GRIEK: Yeah, absolutely. I'm in Colorado and luckily, within I'd say the last two years, we've had a couple of companies come in that can help deal with glass. Momentum and Clear Intentions. But when it comes to some of the other materials we're not so lucky and a lot of that material is shipped to the Southeast, it's shipped to the Midwest, it's shipped over to China. So in Colorado they've been starting to look at how do we create local markets, and haven't gotten terribly far on that.
Low tip fees probably make that challenging, as they do in other parts of the country.
GRIEK: We also have an issue with transportation. For some reason, transportation in and out of Colorado is higher than it is to many other states. There's a lot of issues in terms of the whole recycling industry — there's the design side of things, there's the transportation, there's the processing, there's the end markets. If we don't have end markets we might as well fold up and go home because otherwise what are you going to do? You're just going to build a big pile of something that you've been spent time and money sorting and moving around and it's not going to go anywhere.
Do you see NRC playing a role in helping to drive that conversation about how to create more domestic end markets?

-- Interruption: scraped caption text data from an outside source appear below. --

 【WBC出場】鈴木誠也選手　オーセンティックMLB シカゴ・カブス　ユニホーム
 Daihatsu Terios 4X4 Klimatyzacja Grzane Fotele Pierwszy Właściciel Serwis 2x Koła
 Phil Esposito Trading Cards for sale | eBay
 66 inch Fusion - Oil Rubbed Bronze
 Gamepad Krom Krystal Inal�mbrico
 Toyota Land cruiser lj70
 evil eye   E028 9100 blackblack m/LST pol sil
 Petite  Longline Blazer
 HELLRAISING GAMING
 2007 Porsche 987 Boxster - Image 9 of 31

GRIEK: If the demand is there then people are going to invest. So I think that's part of what NRC can start to work on in terms of how do you build that demand. Who do you go to? How do we work with these trade organizations to say how do you get your members to demand more recycled product? How do we get that product to your members in a way that's more consistent and reliable? So I think that there's work that can be done and collaboration and discussion. NRC can convene events like this where we bring those people together and try and get movement and see what we can do in terms of buy-in.

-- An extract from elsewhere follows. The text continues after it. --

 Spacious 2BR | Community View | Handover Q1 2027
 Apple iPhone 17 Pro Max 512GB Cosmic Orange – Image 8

How can professionals or companies on the collection and sorting side get involved?
GRIEK: Well you can start by becoming members of your state recycling organization, that's always a good one. And then if you don't have one you can directly join NRC. Because that way we can get information to you and then you can get information back to us. Participate in webinars that NRC is sponsoring along with the Pennsylvania Markets Recycling Group. We do newsletters. We'd love to hear about what folks out there are doing. If people have ideas bring 'em on. I think that there's people out there who may not have the solution, but have some really new ways of looking at things. Some of us have been in the industry for so long you kind of forget that you're inside a box.
Those are good things, and people should also be talking to your legislators, talking to your elected officials. Because most people think of it as waste, as trash. Somebody else is going to deal with it. It's going to go away. It's not. We all generate it. It's in our backyards whether we know it or not and if we want to be smart about this we want to deal with it in the best way possible. And we're not really doing that right now.